La production d’abord ! A chaque fois que le cabinet gagne un contrat, il met en place une équipe projet. Une fois nommé, le directeur de projet forme une équipe le plus souvent composée de consultants appartenant à des practices différentes. Le directeur de projet, qui peut mais n’est pas forcément l’un des quatre associés du cabinet, est responsable de la satisfaction du client et de la rentabilité du contrat. A ce titre, selon le principe de la parité, il exerce une autorité au quotidien sur les membres de son équipe projet et participe à leur évaluation annuelle. L’entretien annuel des consultants est, lui, conduit par les directeurs de practice qui s’appuient sur les évaluations réalisées par les directeurs de projet tout au long de l’exercice.

La seconde catégorie d’activités transversales concerne le « business développement ». Le cabinet est positionné sur quatre marchés très différents : les entreprises industrielles, les banques et les assurances, les entreprises publiques et les établissements de santé. Chacun d’eux est placé sous la responsabilité d’un directeur de marché. Son rôle consiste à veiller son marché de manière à bien connaître les besoins de ses acteurs, élaborer des offres permettant d’y répondre, prospecter, répondre aux appels d’offre et suivre la satisfaction des comptes rattachés à son marché.

Dans l’exemple de ce cabinet conseil, à l’exception des activités de R&D (développer une expertise et des méthodologies) et de développement des compétences qui constituent l’ossature verticale de l’organisation, toutes les autres activités, la production sous la forme de projets et le « business développement », sont animées de manière transverse.
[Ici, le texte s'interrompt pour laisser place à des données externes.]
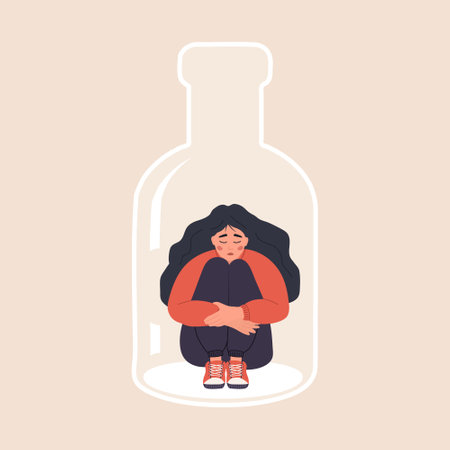 Alcoholism concept. Depressed Woman sitting on bottom of bottle and hugging her knees. Girl with Pernicious Habits Addiction and Substance Abuse. Vector illustration in flat cartoon styleのイラスト素材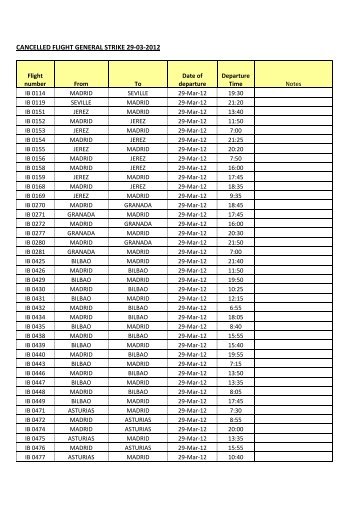 CANCELLED FLIGHT GENERAL STRIKE 29-03-2012 - Iberia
L’organisation est dite reconfigurable pour deux raisons. D’abord parce que les dimensions transversales de l’organisation varient au gré de l’évolution des enjeux stratégiques du cabinet. C’est évident pour les projets mais c’est également vrai pour le « business développement ». Par exemple, au regard de l’évolution de son développement, lors du prochain exercice, le cabinet va nommer un nouveau directeur de marché en charge des PME et des ETI. La seconde raison tient à la substitution de la notion de fonction par celle de rôle. Dans une organisation « classique », chaque personne exerce une fonction et une seule, exception faite de celles qui en plus tiennent un rôle transverse. Dans l’organisation reconfigurable, la notion de rôle est généralisée. La plupart des personnes tiennent plusieurs rôles. Dans ce cabinet conseil, une même personne peut très bien être à la fois directeur de practice, directeur d’un ou plusieurs projets et directeur de marché. C’est le cas d’ailleurs de la plupart des associés.